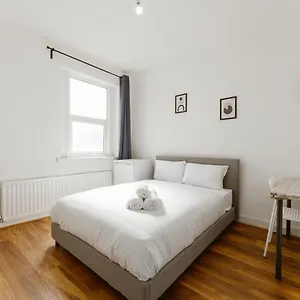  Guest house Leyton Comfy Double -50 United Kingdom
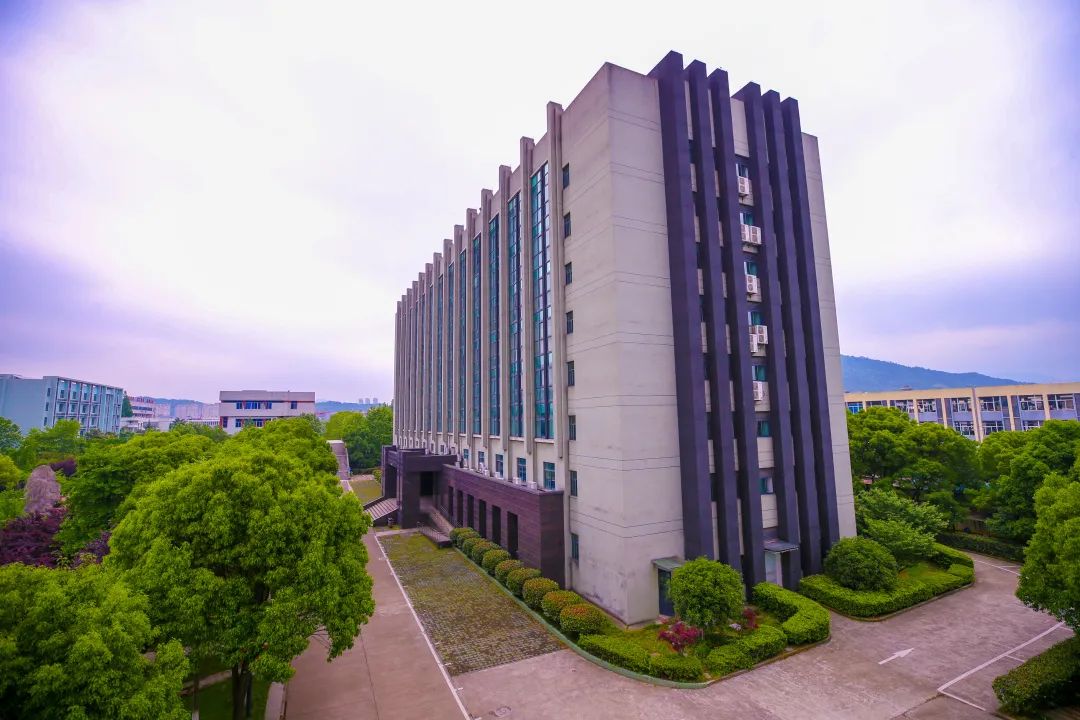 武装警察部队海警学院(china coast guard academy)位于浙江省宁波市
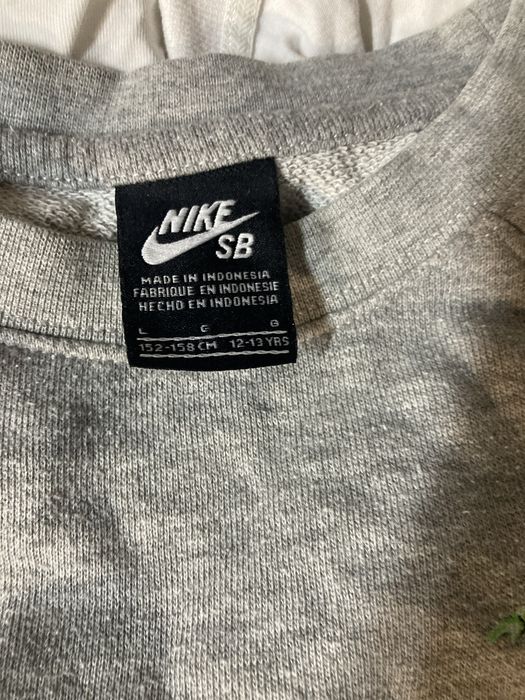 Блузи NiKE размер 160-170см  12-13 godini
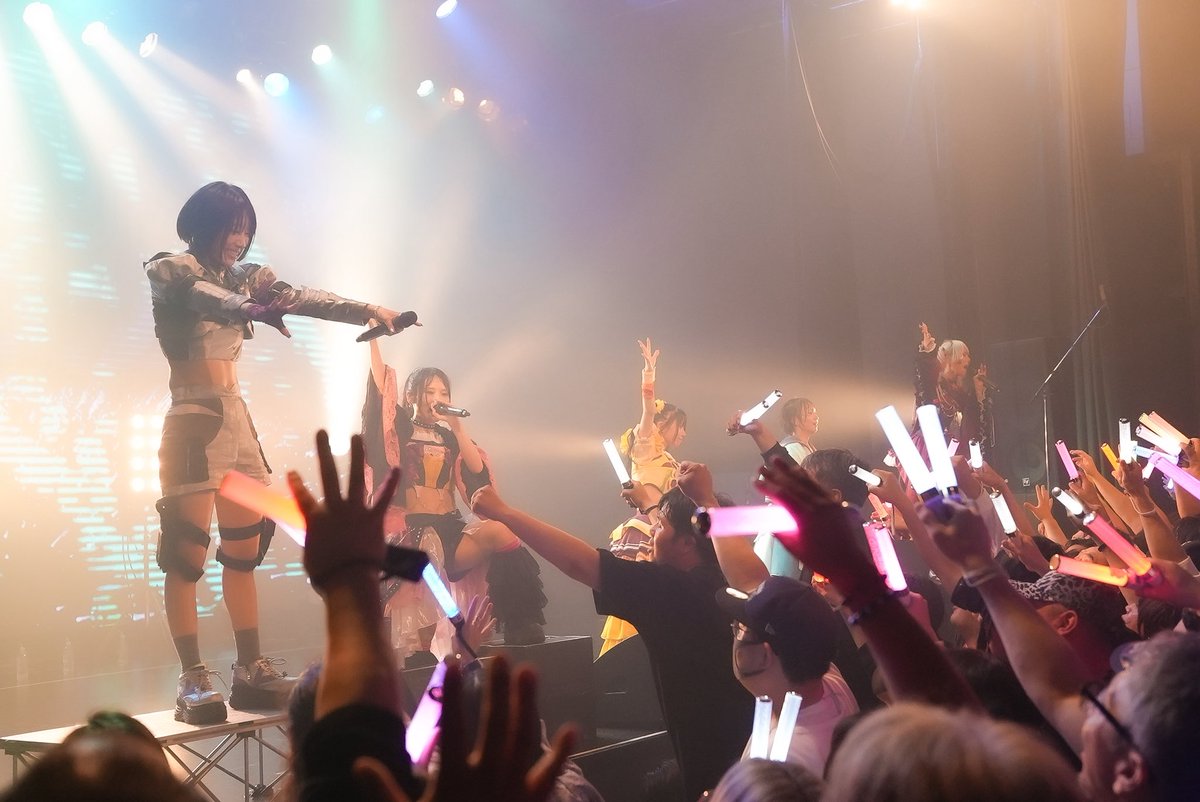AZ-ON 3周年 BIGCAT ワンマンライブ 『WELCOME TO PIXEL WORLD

DIRECTIONS FOR THIS TASK.
Pictures aside, reproduce exactly the lines from the one containing "Блузи NiKE размер" to the end of the listing above, both ends included.

RESULT OF THE TASK.
 Блузи NiKE размер 160-170см  12-13 godini
AZ-ON 3周年 BIGCAT ワンマンライブ 『WELCOME TO PIXEL WORLD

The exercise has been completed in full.